If you care to figure out what technical issue is preventing proper detection, here is the logic that determines whether the page has been delivered in SSL mode:

Code:

$request_type = ((isset($_SERVER['HTTPS']) && strtolower($_SERVER['HTTPS']) == 'on') 
                 || (isset($_SERVER['HTTPS']) && $_SERVER['HTTPS'] == '1') 
                 || (isset($_SERVER['HTTP_X_FORWARDED_BY']) && strstr(strtoupper($_SERVER['HTTP_X_FORWARDED_BY']),'SSL')) 
                 || (isset($_SERVER['HTTP_X_FORWARDED_HOST']) &&  strstr(strtoupper($_SERVER['HTTP_X_FORWARDED_HOST']),'SSL')) 
                 || (isset($_SERVER['SCRIPT_URI']) && strtolower(substr($_SERVER['SCRIPT_URI'], 0, 6)) == 'https:') 
                 || (isset($_SERVER['SERVER_PORT']) && $_SERVER['SERVER_PORT'] == '443' )   )  ? 'SSL' : 'NONSSL';

You may have to work with their tech support to determine why none of these common modes for SSL operation can be detected on the server you've been assigned to.

[davewest]

Not sure if this will help you, but when I first open my site I used HostGator shared SSL. I couldn't get it to work at all, after asking them why, they told me that the shared cert would not work with php5. Didn't make much seance to me, but what I did I had set my .htaccess file up with,

AddHandler application/x-httpd-php5 .php

Changing it to;

AddHandler application/x-httpd-php .php

the shared SSL work fine after that change.

This was before they upgraded the servers to php5 and I had my own cert installed. I also noticed that even after upgrading to php5 and changing the Addhandler to php5, they commented it out. They may still be having issues with php5 and shared certs.

[daxxruckus]

Thanks Dave. I'm going to contact HG support this weekend and see whats up. I appreciate all the help everyone. If you have any more ideas, please keep them coming!

[daxxruckus]

I spoke with HG support and they said to "Check with the Zen Cart folks and see if it uses caching".

I don't understand what the issue is, and why I'm still getting secured/unsecured items?!

[DrByte]

I spoke with HG support and they said to "Check with the Zen Cart folks and see if it uses caching".

"caching"? If they're referring to HTML or PHP caching, the answer is no.
Out-of-the-box, Zen Cart only does database-query-caching, not HTML page caching, nor any PHP caching.

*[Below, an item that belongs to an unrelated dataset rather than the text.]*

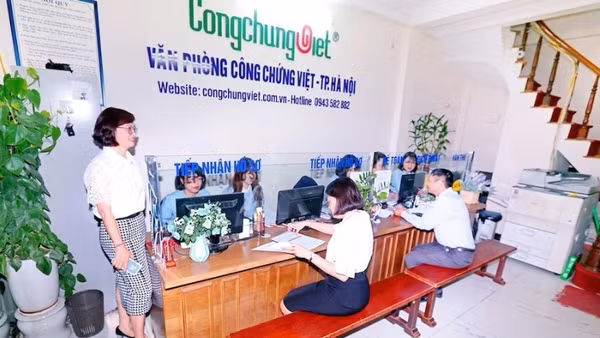 Người dân làm thủ tục công chứng tại Văn phòng công chứng Việt. (Ảnh: TH)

I don't understand what the issue is, and why I'm still getting secured/unsecured items?!

As I described earlier, the server is not providing conventional hooks by which to identify that the page is actually being served over SSL, and thus is being treated as a non-SSL page. That results in images and stylesheets being loaded over an unencrypted connection, hence the warnings.